A couple of days ago, CD Projekt’s wonderful retro-PC-game service Good Old Games looked to be gone forever. A mysterious message replaced its normal web page, stating that it couldn’t stay open in its current form and would be closing down. It also indicated that it would provide a way for people to recover any games they bought prior to the asummed "shut down." Gamers and industry folk alike responded with great sympathy and regret, mourning the service as a bastion of nostalgia and noting its ability to court publishers who generally want ironclad DRM on everything. It was truly a loss for PC gamers.

And then they were mysteriously back again.

Rumblings on NeoGAF shortly after the closure announcement suggested that something more was going on. Someone dug up a post on Polish financial forum Bankier warning shareholders to ignore the forthcoming closure message. This led many to believe that Good Old Games was simply exiting its beta phase and launching its finalized service. Simply put, CD Project intended the whole thing to be a publicity stunt. Many bristled at the thought of such a deception, with some doubting that anyone would try something so ill-advised and misleading.

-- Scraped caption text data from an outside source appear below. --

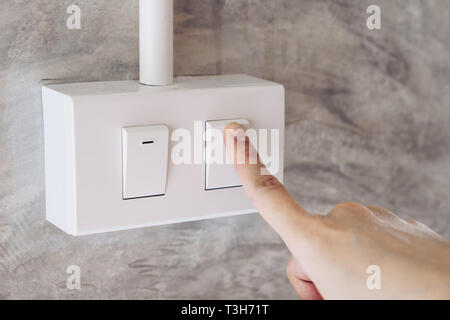 Women hand turn on lights electric switch on cement wall background Stock Photo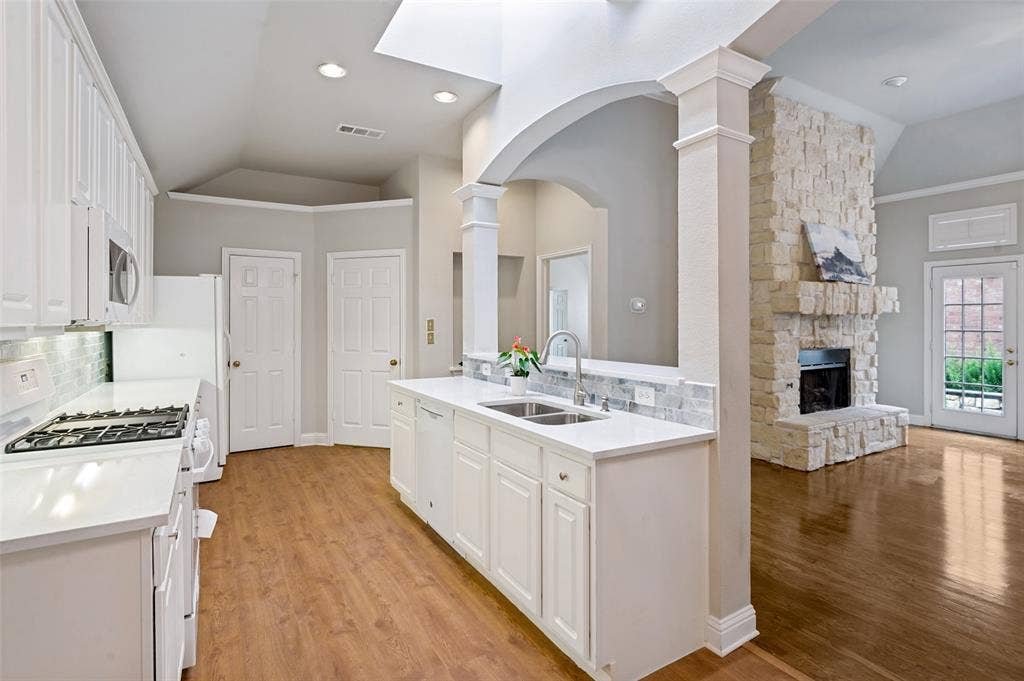 8012 Springmoss Drive, Plano, TX 75025 Open-concept kitchen featuring white cabinetry light blue backsplash, light-toned countertops, and a subway tile backsplash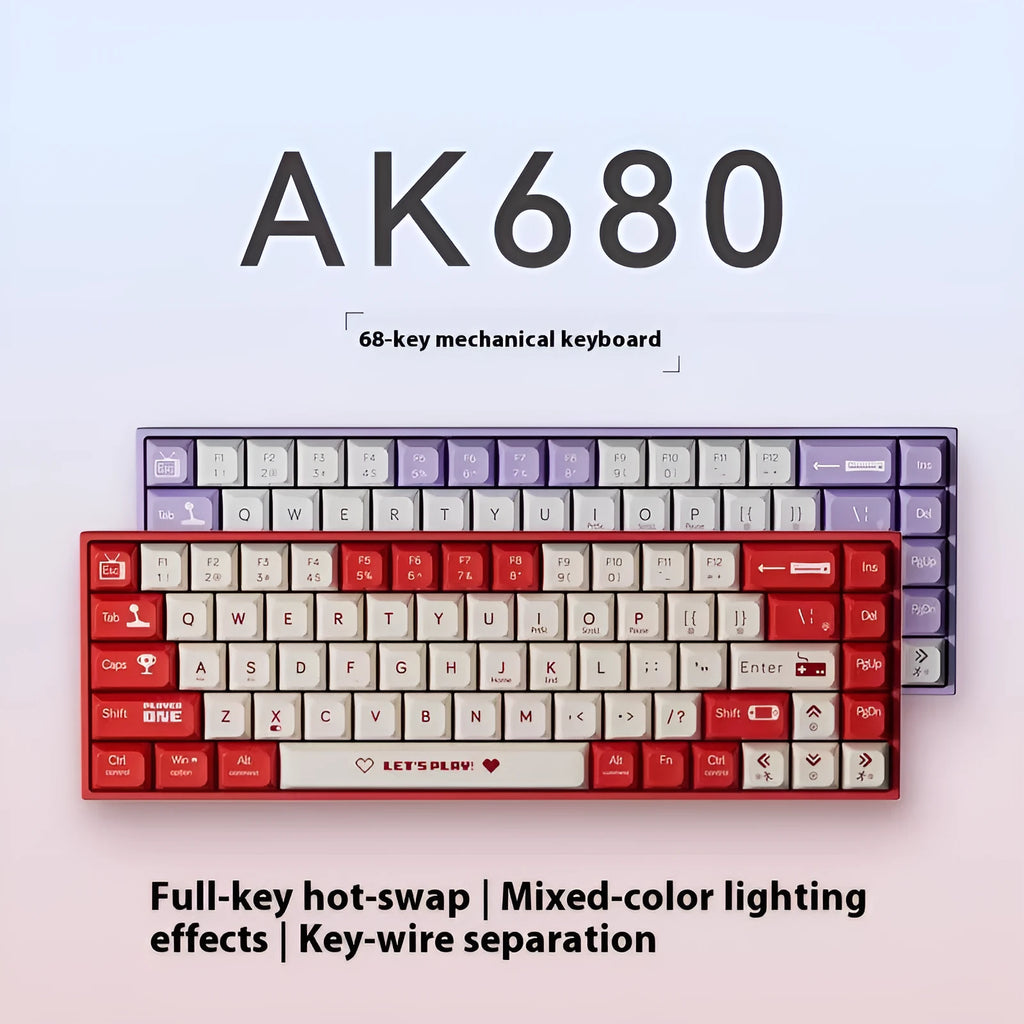 AJAZZ AK680 wired mechanical gaming keyboard with red and white mixed colour keycaps on a desktop.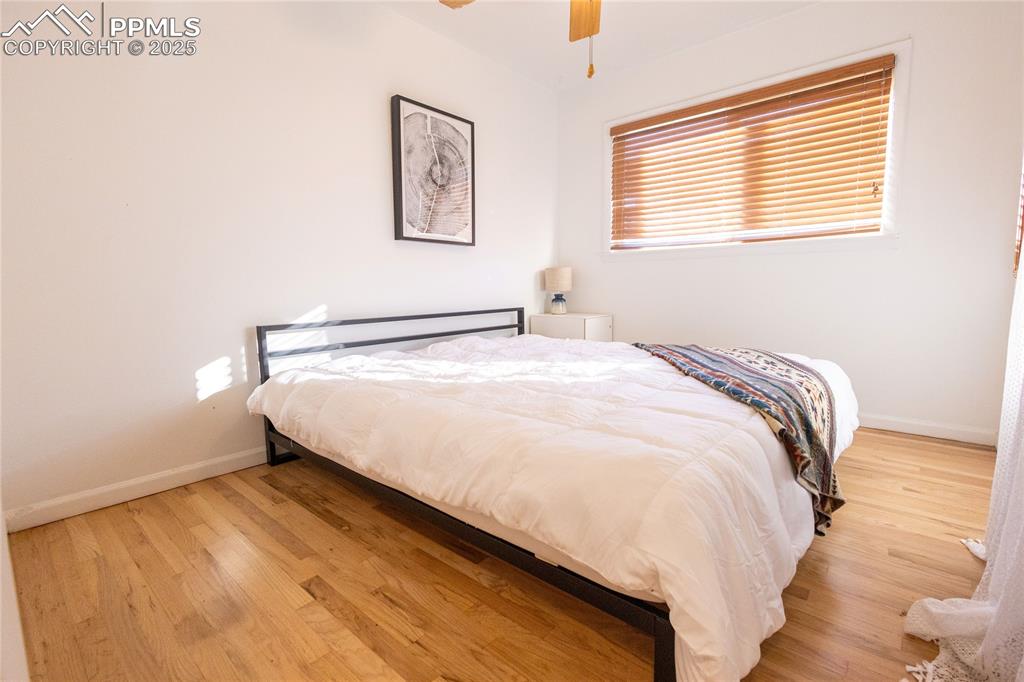 Image 12 of 27: Bedroom featuring light wood-type flooring and ceiling fan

Then, the site changed again, with a countdown clock and promises of a better-than-ever service featuring new classic games such as Baldur’s Gate and faster loading. A statement to PC Gamer from the team explained the situation:

First of all we’d like to apologize to everyone who felt deceived or harmed in any way by the closedown of GOG.com. As a small company we don’t have a huge marketing budget and this why we could not miss a chance to generate some buzz around an event as big as launching a brand new version of our website.


The “closedown” was indeed nothing more than a way to get free publicity for their relaunch. Mission accomplished, CD Project, but at what cost? The increased attention has only served to damage goodwill toward the site, thanks to the fact that they were messing with their loyal customers. And all the attention in the world won’t do anything if people don't trust you with their money. Their claim that they’re too small to properly market themselves rings hollow. They got a ton of positive buzz (free marketing) when the service first started.

At the end of the day, the fact that Good Old Games still exists is a victory for retro gamers. The fact that they’re pledging to remain DRM-free and delivering most-wanted titles like Baldur’s Gate is also a positive sign. But they would do well to learn that jerking around a product's income source is never smart.